`df1Row[df2Column] == df1Row[df2Column.name]` #445

Jolanrensen · 2023-08-22T14:04:38Z

Implemented fix for #442.

It used to be that df1Row[df2Column] == df2Column[df1Row.index], but IMO that's confusing. I can see it was done to make df1Row[df2Column] and df2Column[df1Row] return the same thing but across the library, this is only actually used once (in toList and was fixed by swapping row/cols).

It's also very common for the library to call df1Row[newColumn] for reasons I don't fully understand. So my fix checks if the name of newColumn already exists in the row, if so, return the value at that name. If not, do the magic you did before and let the column handle the resolving of the value.

This seems to work with all tests and fixes the specific example of the issue.

…Column.name]

koperagen · 2023-09-12T15:23:32Z

This behavior is defined by org.jetbrains.kotlinx.dataframe.DataColumn#resolveSingle. Logic here is that when you use DataColumn as a ColumnReference and it's resolved, you get values from the column itself, not the dataframe column with such name. I do not immediately recall where it works like that. Hm.. I think we need some more evidence to make a decision and change behavior in org.jetbrains.kotlinx.dataframe.DataColumn#resolveSingle

Jolanrensen · 2023-09-13T11:16:33Z

The only place I found it breaking in the library was here: core/src/main/kotlin/org/jetbrains/kotlinx/dataframe/impl/api/toList.kt. There, the column was taken from the row while the other way around was intended.

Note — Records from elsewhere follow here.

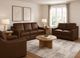 Flexsteel® Hudson Woodland Leather Sofa-5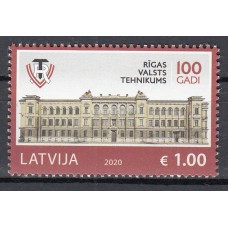 Letonia Correo 2020 Yvert 1074 ** Mnh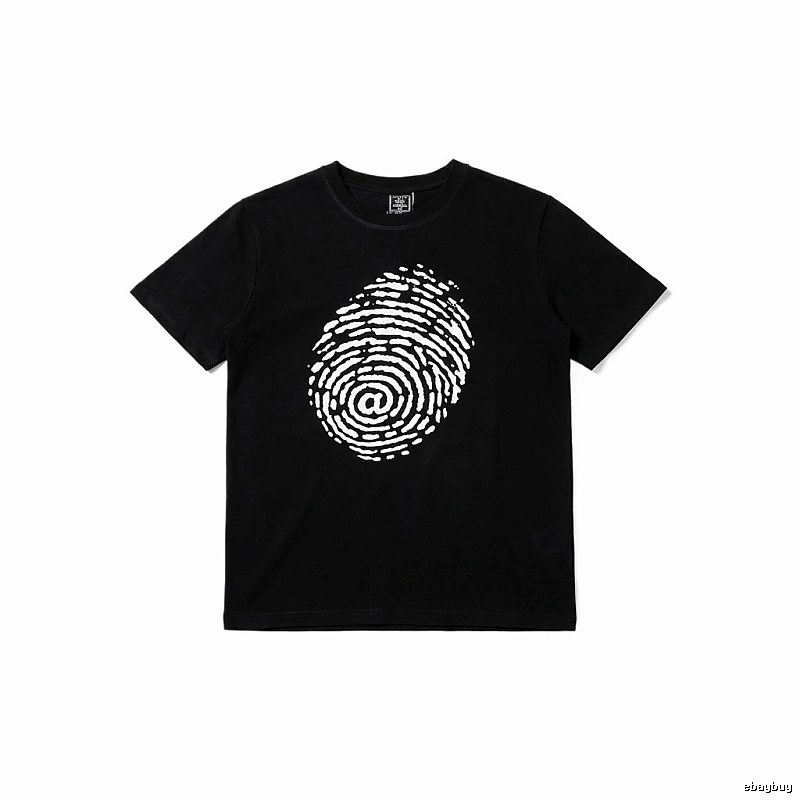 ADWYSD Fingerprint Trendy Black T-shirt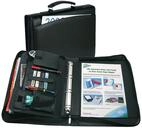 Wedo 583001 Konferenzmappe Orga (4-Ring, mit Tragegriff) schwarz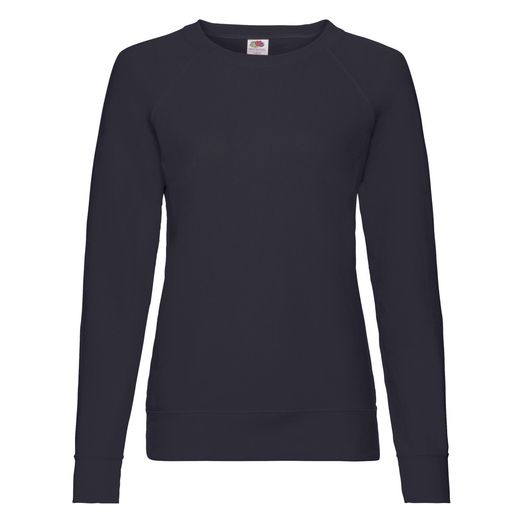 Fruit Of The Loom Ladies' Lightweight Raglan Sweat Deep Navy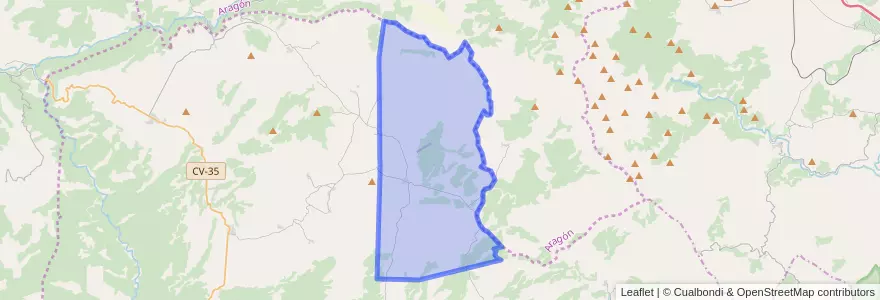 Mapa de ubicacion de La Yesa.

I also looked into forbidding such behavior, as taking a column from another dataframe from a row seems odd, but that's still used a lot across the implementation.

But purely from a user-standpoint, what would you expect df1Row[df2Column] to return?

koperagen · 2023-09-19T19:25:59Z

Ah, ok, i think i finally understood. Somehow this part was hard for me to understand, that's why i was suspicious of this fix

It used to be that df1Row[df2Column] == df2Column[df1Row.index], but IMO that's confusing. I can see it was done to make df1Row[df2Column] and df2Column[df1Row] return the same thing but across the library, this is only actually used once (in toList and was fixed by swapping row/cols).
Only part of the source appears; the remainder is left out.